From the Bay Area: Head east on 580, connect to 205 which will merge with I-5, then take the 120 exit.
From Sacramento: Head south on either I-5 or Hwy 99 until you get to Manteca. Hwy 99 will pass through cities while I-5 is scenic farm land and usually takes less time.
From Southern California/Fresno: From Southern California take either I-5 or Hwy 99 north. I-5 usually takes less time and is more scenic farmland while Hwy 99 will pass through cities. From Fresno take Hwy 99 north.
Modesto Airport: Provides roundtrip service via SkyWest (United Airlines) from San Francisco to Modesto.Modesto Airport
Stockton Airport: Provides service from Las Vegas to Stockton via Allegiant Air. Stockton Airport
The ACE Train (Altamont Commuter Express) is a train that services the Stockton/Manteca region. The train includes turminals in these locations: Stockton, Manteca, Tracy, Livermore, Pleasanton, Fremont, Great America, Santa Clara, and San Jose. The train runs Monday-Friday during work hours. For more information visit their website ACE Train.
Murals: Murals are designed to give visitors, newcomers and longtime residents alike an insight into the community's culture, history, and economy. The Manteca Mural Society has finished 11 of 30 planned murals. The best place to start an easy walking tour of the murals completed so far is to start in the 200 block of East Yosemite Avenue of the downtown district. Pick up a walking tour guide at the CVB office or download at www.visitmanteca.org
Sierra's Crown: The first mural on your tour is part of the newly created Veterans Plaza in front of the Legion Hall in the 200 block of West Yosemite Avenue. Ripon artist Dave Peterson's original transparent watercolor of Half Dome is blended with images of Yosemite Valley and Merced River. The front of the Legion Hall in the 200 block of East Yosemite is a compilation of details such as rainbow arching above the granite cap, as well as trout in the Merced River. The mural is particularly dramatic just after sunset where ground lighting creates the feel of nightfall coming to Yosemite Valley.
Crossroads: The mural gracing the Main Street wall of Century Furniture located at Yosemite and Main is Manteca's largest. It covers 4,000 square feet and was created by Dave Gordon. "Crossroads" depicts what Manteca's business district looked like in 1917. That is when the community was incorporated as a city. It offers the same vantage point you would see standing across the street next to the Bank of America parking lot, but 90 years later.
Cruising: Arguably the most popular of all murals, people who didn't even grow up in Manteca and experience the cruise down Yosemite Avenue in the 1950s and 1960s find themselves reminiscing about bygone days. It is in the 100 block of North Main Street on the Accent Carpets building and is the largest--and most realistic--of all the murals.

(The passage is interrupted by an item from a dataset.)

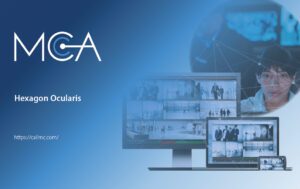 Foreground: Hexagon Ocularis video management system; background: Two workers in a surveillance control room.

Pumpkin Harvest: Across Main Street from the "Cruising" creation is the "Pitching Pumpkins" mural. It pays homage to Manteca's most famous crop--pumpkins. Seventy percent of California's jack-o'-lantern pumpkins are grown in the Manteca countryside.
Service Above Self: From the "Pitching Pumpkins" mural, head west through the parking lot. You will reach the "Rotary Mural" and a new mini-plaza. Take a minute to rest on one of the benches and enjoy the water fountain and garden. That way you can appreciate the detail of artist Don Gray's salute to the worldwide service efforts of Rotary International.
Golden Gateway to Manteca: The next mural is reached by heading south on Maple Avenue. Stay on the east side of the street when you reach Yosemite Avenue. Look upward to the west and you'll see Ron Pecchenino's "San Francisco" mural
Cow-munity Mural: The society's 96 by 12-foot salute to Manteca's dairy industry is on a wall in the 200 block of West Yosemite Avenue facing the Athens Burgers parking lot.
Our Bountiful Valley: The salute to the richness of Central Valley farmland can be found on the alley off the 100 block of Sycamore Avenue.
Free For All: Manteca's 2006 "Mural In A Weekend" project, painted by volunteer artists with the help of Master Artists Dave Gordon, who also designed the mural, and Pete Evaristo. This mural was sponsored by the Manteca Morning & Noon Kiwanis.
"Summer Vision": The children of Manteca painted a mural during "Children's Art In The Park" 2006.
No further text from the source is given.